The Physics of Aristotle versus
The Physics of Galileo

Aristotle taught that the substances making up the Earth were different from the substance making up the heavens. He also taught that dynamics (the branch of physics that deals with motion) was primarily determined by the nature of the substance that was moving.

The Dynamics of Aristotle

For example, stripped to its essentials, Aristotle believed that a stone fell to the ground because the stone and the ground were similar in substance (in terms of the 4 basic elements, they were mostly "earth"). Likewise, smoke rose away from the Earth because in terms of the 4 basic elements it was primarily air (and some fire), and therefore the smoke wished to be closer to air and further away from earth and water. By the same token, Aristotle held that the more perfect substance (the "quintessence") that made up the heavens had as its nature to execute perfect (that is, uniform circular) motion. He also believed that objects only moved as long as they were pushed. Thus, objects on the Earth stopped moving once applied forces were removed, and the heavenly spheres only moved because of the action of the Prime Mover, who continually applied the force to the outer spheres that turned the entire heavens. (A notorious problem for the Aristotelian view was why arrows shot from a bow continued to fly through the air after they had left the bow and the string was no longer applying force to them.
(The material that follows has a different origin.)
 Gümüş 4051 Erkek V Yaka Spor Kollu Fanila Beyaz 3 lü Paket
Elaborate explanations were hatched; for example, it was proposed that the arrow creating a vacuum behind it into which air rushed and applied a force to the back of the arrow!)

Galileo vs. Aristotle

Thus, Aristotle believed that the laws governing the motion of the heavens were a different set of laws than those that governed motion on the earth. As we have seen, Galileo's concept of inertia was quite contrary to Aristotle's ideas of motion: in Galileo's dynamics the arrow (with very small frictional forces) continued to fly through the air because of the law of inertia, while a block of wood on a table stopped sliding once the applied force was removed because of frictional forces that Aristotle had failed to analyze correctly.
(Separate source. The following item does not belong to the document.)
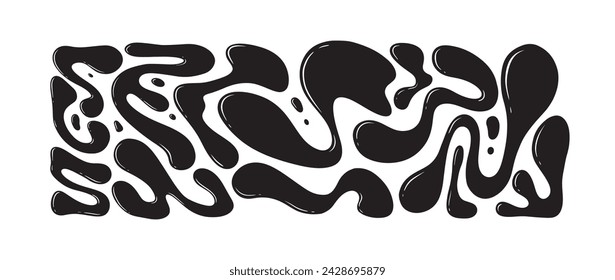 Liquid abstract organic blob shapes set. Wavy elements bubbles and drops in trendy y2k style.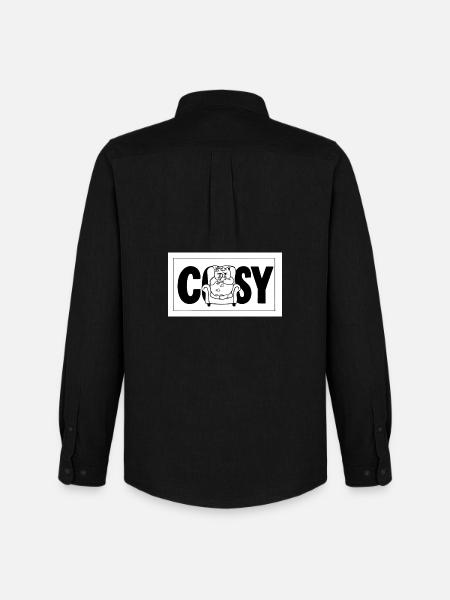 Imprimé fauteuil câlin chat douillet - Chemise Oxford homme Stanley/Stella - noir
In addition, Galileo's extensive telescopic observations of the heavens made it more and more plausible that they were not made from a perfect, unchanging substance. In particular, Galileo's observational confirmation of the Copernican hypothesis suggested that the Earth was just another planet, so maybe it was made from the same material as the other planets.

Thus, the groundwork was laid by Galileo (and to a lesser extent by others like Kepler and Copernicus) to overthrow the physics of Aristotle, in addition to his astronomy. It fell to Isaac Newton to bring these threads together and to demonstrate that the laws that governed the heavens were the same laws that governed motion on the surface of the Earth.